The default implementation simply computes the logarithm of density(x). See documentation of density(double) for computation details.

Specified by:
logDensity in interface RealDistribution
Overrides:
logDensity in class AbstractRealDistribution
Parameters:
x - the point at which the PDF is evaluated
Returns:
the logarithm of the value of the probability density function at point x
• cumulativeProbability

public double cumulativeProbability(double x)
For a random variable X whose values are distributed according to this distribution, this method returns P(X <= x). In other words, this method represents the (cumulative) distribution function (CDF) for this distribution. For scale m, and shape s of this distribution, the CDF is given by
• 0 if x <= 0,
• 0 if ln(x) - m < 0 and m - ln(x) > 40 * s, as in these cases the actual value is within Double.MIN_VALUE of 0,
• 1 if ln(x) - m >= 0 and ln(x) - m > 40 * s, as in these cases the actual value is within Double.MIN_VALUE of 1,
• 0.5 + 0.5 * erf((ln(x) - m) / (s * sqrt(2)) otherwise.
Parameters:
x - the point at which the CDF is evaluated
Returns:
the probability that a random variable with this distribution takes a value less than or equal to x
• probability

public double probability(double x0,
double x1)
throws NumberIsTooLargeException
For a random variable X whose values are distributed according to this distribution, this method returns P(x0 < X <= x1).
Specified by:
probability in interface RealDistribution
Overrides:
probability in class AbstractRealDistribution
Parameters:
x0 - Lower bound (excluded).
x1 - Upper bound (included).
Returns:
the probability that a random variable with this distribution takes a value between x0 and x1, excluding the lower and including the upper endpoint.
Throws:
NumberIsTooLargeException - if x0 > x1. The default implementation uses the identity P(x0 < X <= x1) = P(X <= x1) - P(X <= x0)
• getSolverAbsoluteAccuracy

protected double getSolverAbsoluteAccuracy()
Returns the solver absolute accuracy for inverse cumulative computation.

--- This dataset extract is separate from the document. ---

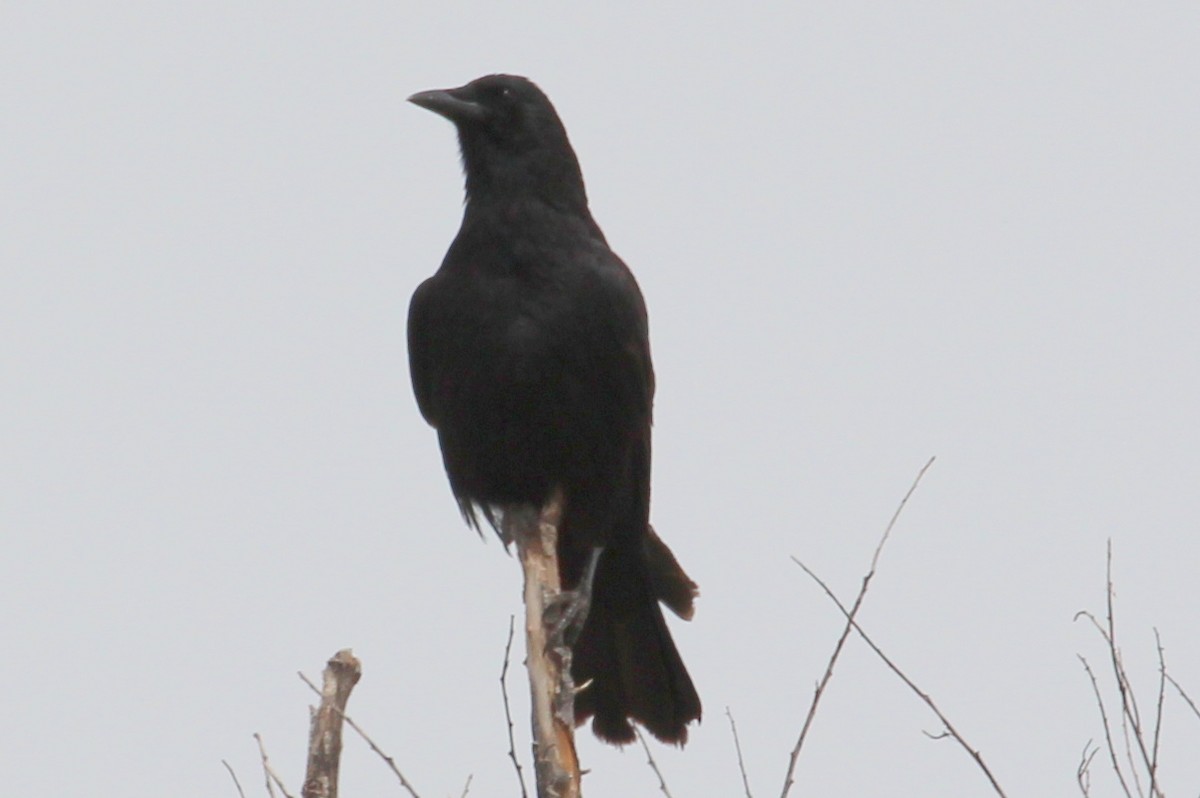 American Crow - sam hough
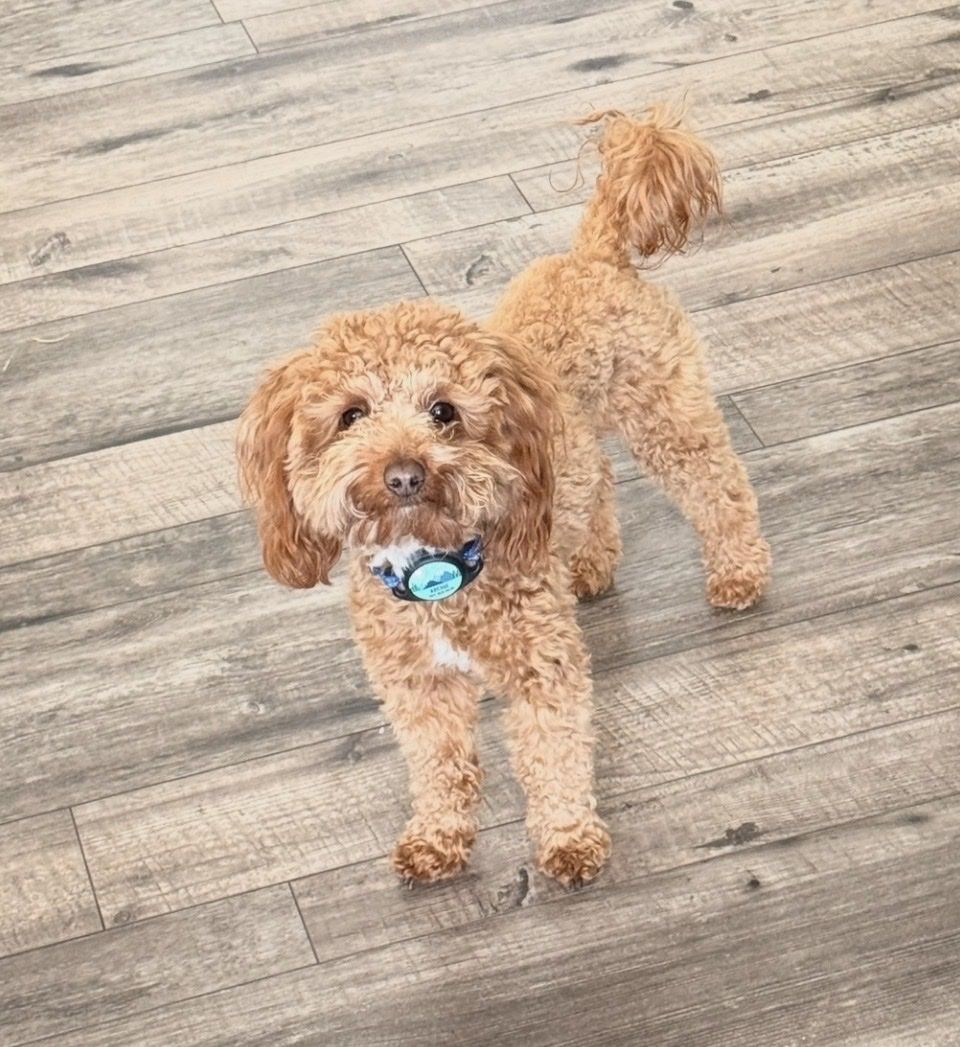 Micro Golden Doodle Stud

You can override this method in order to use a Brent solver with an absolute accuracy different from the default.
Overrides:
getSolverAbsoluteAccuracy in class AbstractRealDistribution
Returns:
the maximum absolute error in inverse cumulative probability estimates
• getNumericalMean

public double getNumericalMean()
Use this method to get the numerical value of the mean of this distribution. For scale m and shape s, the mean is exp(m + s^2 / 2).
Returns:
the mean or Double.NaN if it is not defined
• getNumericalVariance

public double getNumericalVariance()
Use this method to get the numerical value of the variance of this distribution. For scale m and shape s, the variance is (exp(s^2) - 1) * exp(2 * m + s^2).
Returns:
the variance (possibly Double.POSITIVE_INFINITY as for certain cases in TDistribution) or Double.NaN if it is not defined
• getSupportLowerBound

public double getSupportLowerBound()
Access the lower bound of the support. This method must return the same value as inverseCumulativeProbability(0). In other words, this method must return

inf {x in R | P(X <= x) > 0}.

The lower bound of the support is always 0 no matter the parameters.
Returns:
lower bound of the support (always 0)
• getSupportUpperBound

public double getSupportUpperBound()
Access the upper bound of the support. This method must return the same value as inverseCumulativeProbability(1). In other words, this method must return

inf {x in R | P(X <= x) = 1}.

The upper bound of the support is always positive infinity no matter the parameters.
Returns:
upper bound of the support (always Double.POSITIVE_INFINITY)
• isSupportConnected

public boolean isSupportConnected()
Use this method to get information about whether the support is connected, i.e. whether all values between the lower and upper bound of the support are included in the support. The support of this distribution is connected.
Returns:
true
• createSampler

public RealDistribution.Sampler createSampler(org.apache.commons.rng.UniformRandomProvider rng)
Creates a sampler.
Specified by:
createSampler in interface RealDistribution
Overrides:
createSampler in class AbstractRealDistribution
Parameters:
rng - Generator of uniformly distributed numbers.
Returns:
a sampler that produces random numbers according this distribution.